No hay que dejar de sorprenderse de las cosas tan positivas que han pasado en el mundo en los últimos veinticinco años aproximadamente, desde la caída del Muro de Berlín, el derrumbe del nefasto imperio soviético, con su influencia sobre multitud de países del tercer mundo sumidos por su imposición o imitación en economías improductivas, y no olvidemos la feliz conversión de China al modelo capitalista, en su versión más salvaje por otra parte, con los enormes beneficios positivos que eso ha traído. Y todo ello en un contexto de incremento exponencial del comercio internacional gracias a la globalización propiciada por la caída generalizada de las barreras arancelarias De todos estos movimientos tectónicos ha salido una consecuencia impensable y esperanzadora: más de mil quinientos millones de personas en todo el mundo han salido de la pobreza extrema para incorporarse a un nivel de vida que va más allá de la mera supervivencia diaria. ¿Cuál es elemento común de estos cientos millones de personas salvados por el fin del socialismo real y la implantación con todas sus consecuencias de mercados libres y competitivos? Que viven en Asia.¿Recuerdas cuando los días del Domund organizado por la iglesia católica a través de colegios y parroquias los niños salían a la calle con la hucha del negrito y otra del chinito? Pues ya no hay más hucha del chinito. Los chinitos se convirtieron sin apenas darnos cuenta y sin ayuda en los tigres asiáticos, con economías altamente productivas que empezaron vendiéndonos juguetes de plástico y ahora conceptualizan, diseñan, fabrican y nos venden los móviles más sofisticados, la electrónica más avanzada y los coches más valorados por los consumidores occidentales con presupuestos ajustados.

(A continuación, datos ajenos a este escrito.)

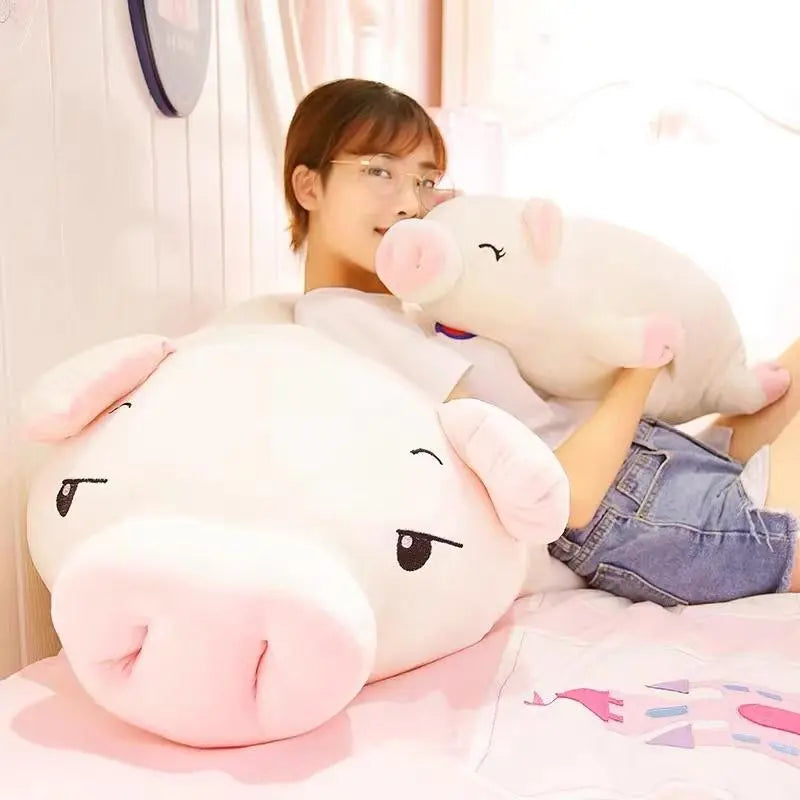 Huge 43" Jaja plush pig, soft PP cotton, hypoallergenic, huggable, comfy, perfect for all ages.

Y además de estar en Asia, estos países emergidos, más que emergentes, tienen otra cosa en común: nadie les ha subvencionado con ayudas al desarrollo, solo les hemos permitido que nos vendan los productos que fabrican, aprovechándonos como consumidores de sus bajos precios para ahorrar en nuestras compras y disfrutar con lo ahorrado de otros productos y servicios más sofisticados. ¿Y qué pasa con África? Pues que afortunadamente empieza a ser un continente más independiente de la caridad pública y privada y, si les dejamos y no coartamos a sus incipientes emprendedores enviándoles gratis los mismos productos que ellos podrían fabricar y vendernos a nosotros, conseguiremos incorporar al mundo desarrollado a estos mil millones de seres humanos que hemos fastidiado con el colonialismo, machacado con el modelo económico socialista que muchos de estos países abrazaron cuando se liberaron del yugo colonial, y arruinado a base de darles subsidios y limosnas en lugar de comprar sus mercancías a los precios de risa que ellos están en condiciones de cobrarnos. Bienvenida por fin África al desarrollo capitalista.